The answer should be a faithful retyping of the records that follow, pictures excluded.

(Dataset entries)

----------

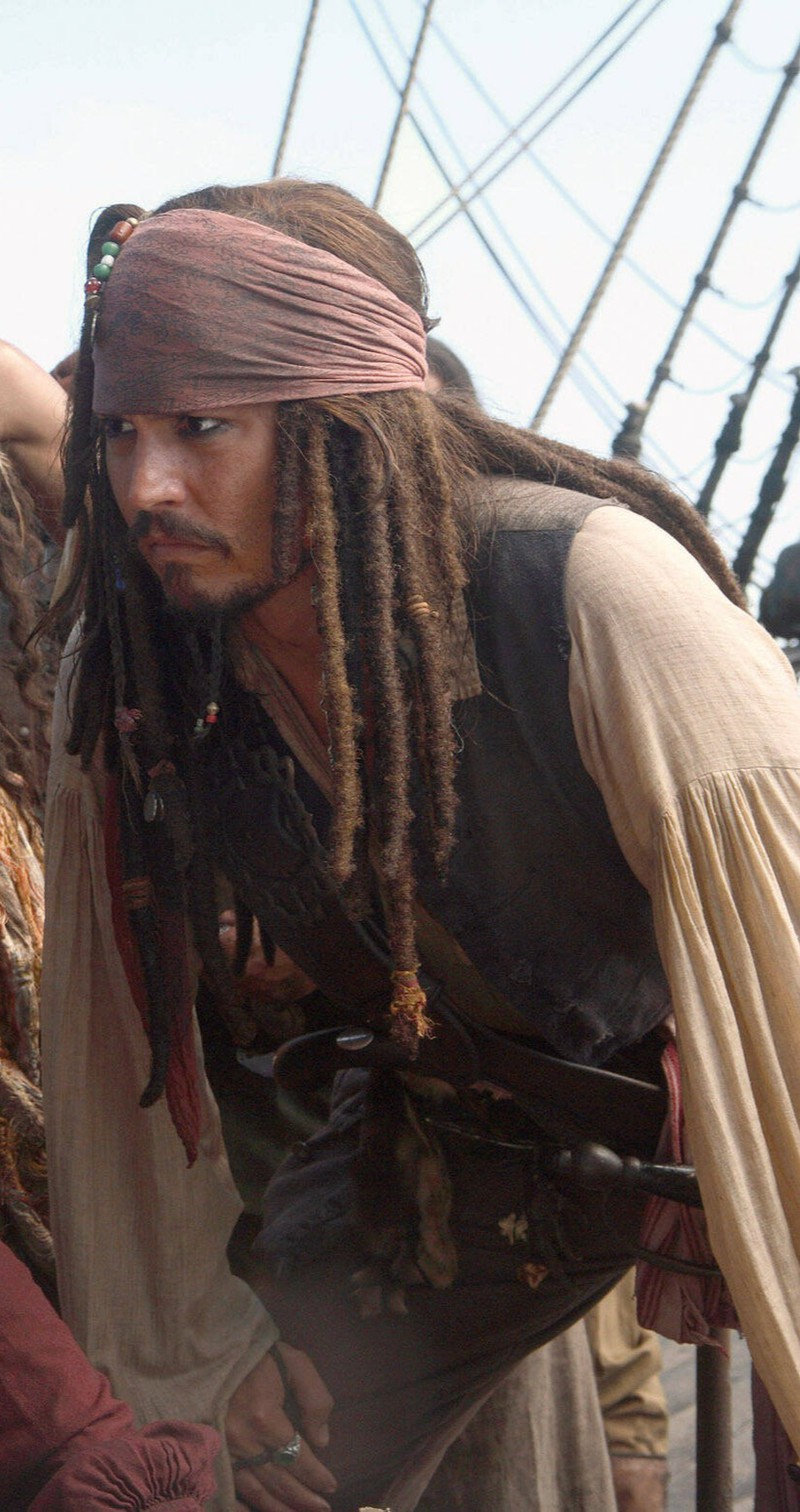 In "Fluch der Karibik" gab es den Filmfehler, dass ein Logo in der Mütze von Jack Sparrow zu sehen war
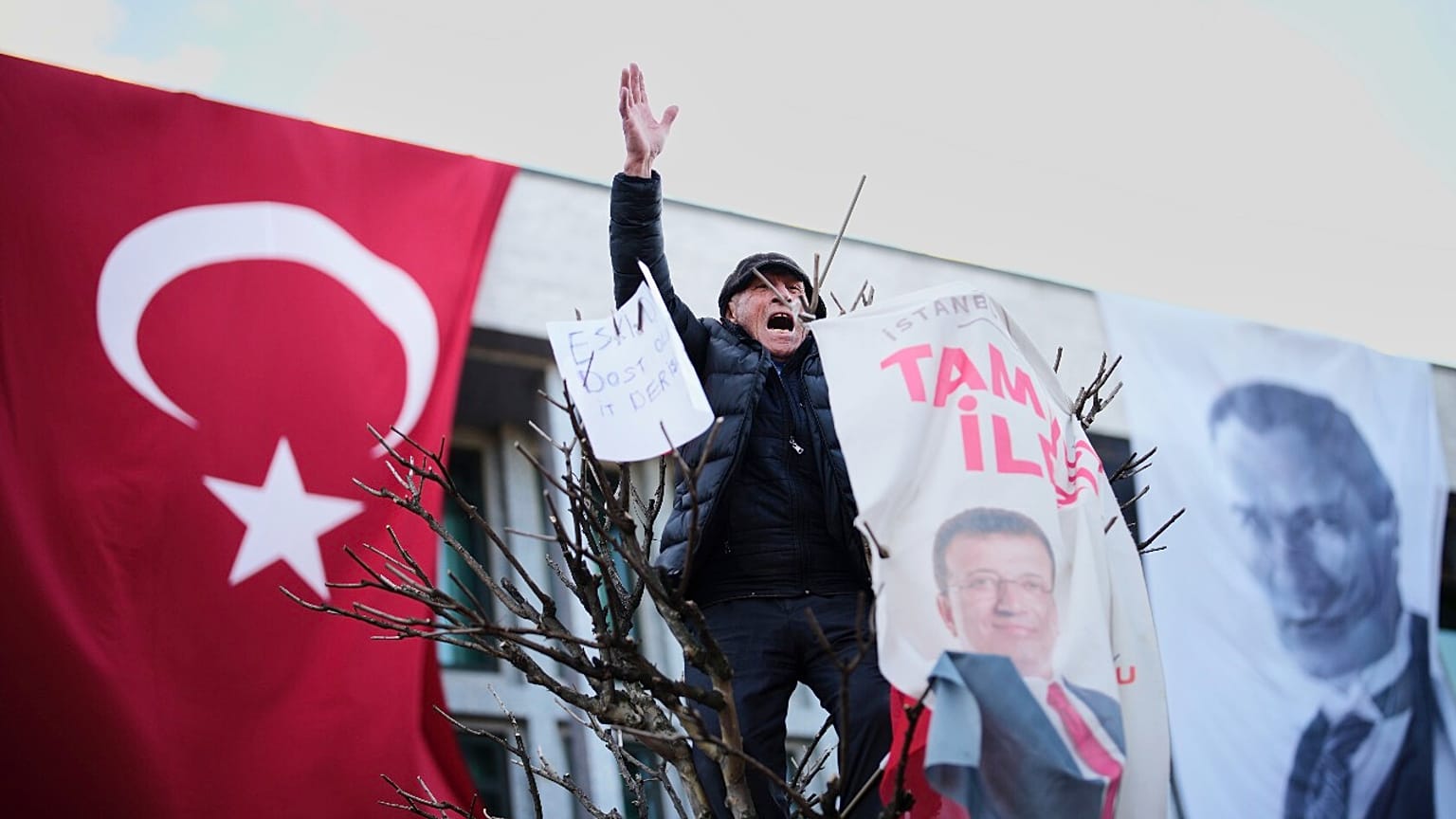 İstanbul Büyükşehir Belediye (İBB) Başkanı Ekrem İmamoğlu'nun tutuklanmasını protesto eden bir yurttaş, 19 Mart 2025 Çarşamba günü İBB Binası dışında görüntüleniyor.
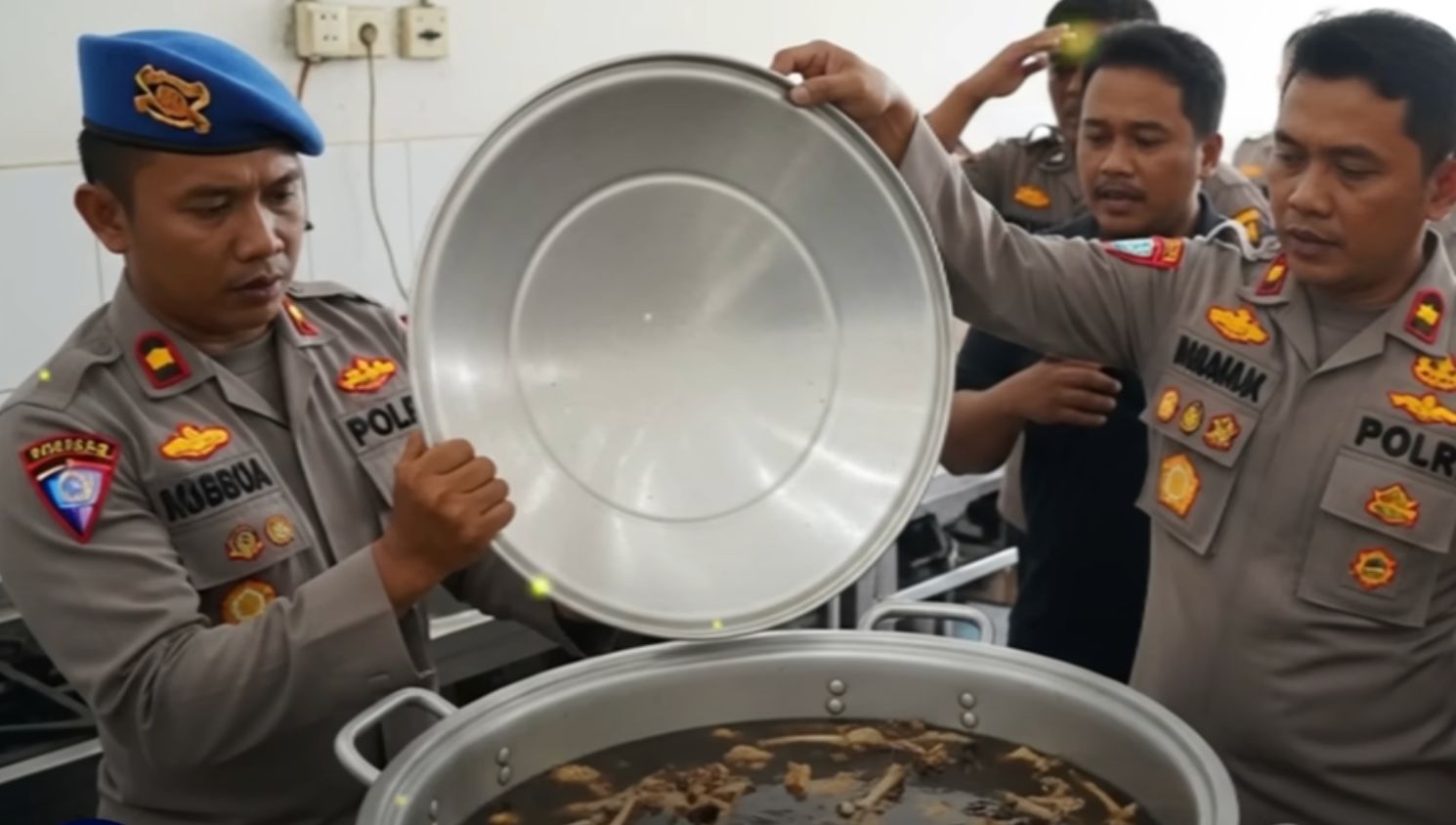 VIDEO YOUTUBE TENTANG PEDAGANG DI WONOSOBO PAKAI ORGAN TUBUH MAYAT UNTUK SOTO TERNYATA HOAKS VIDEO YOUTUBE TENTANG PEDAGANG DI WONOSOBO PAKAI ORGAN TUBUH MAYAT UNTUK SOTO TERNYATA HOAKS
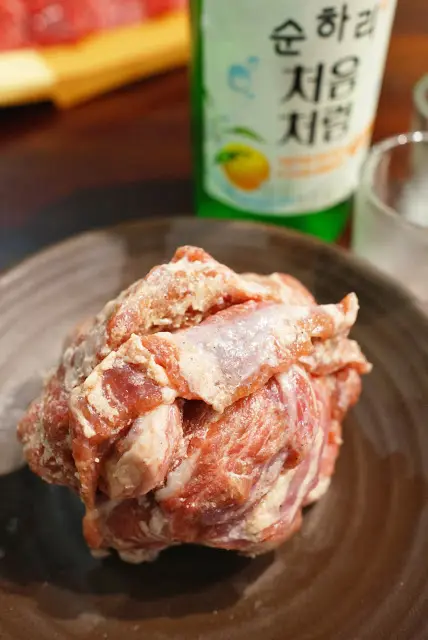 燒肉店主打的是護心肉, 200g一碟的護心肉, 份量頗多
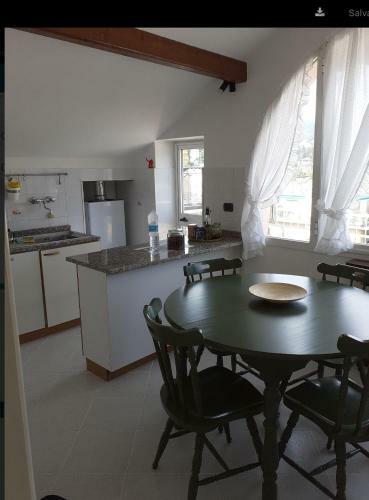 Apartamento La Mansarda Vicino Al Porto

----------

## ANSWER SECTION
 In "Fluch der Karibik" gab es den Filmfehler, dass ein Logo in der Mütze von Jack Sparrow zu sehen war
 İstanbul Büyükşehir Belediye (İBB) Başkanı Ekrem İmamoğlu'nun tutuklanmasını protesto eden bir yurttaş, 19 Mart 2025 Çarşamba günü İBB Binası dışında görüntüleniyor.
 VIDEO YOUTUBE TENTANG PEDAGANG DI WONOSOBO PAKAI ORGAN TUBUH MAYAT UNTUK SOTO TERNYATA HOAKS VIDEO YOUTUBE TENTANG PEDAGANG DI WONOSOBO PAKAI ORGAN TUBUH MAYAT UNTUK SOTO TERNYATA HOAKS
 燒肉店主打的是護心肉, 200g一碟的護心肉, 份量頗多
 Apartamento La Mansarda Vicino Al Porto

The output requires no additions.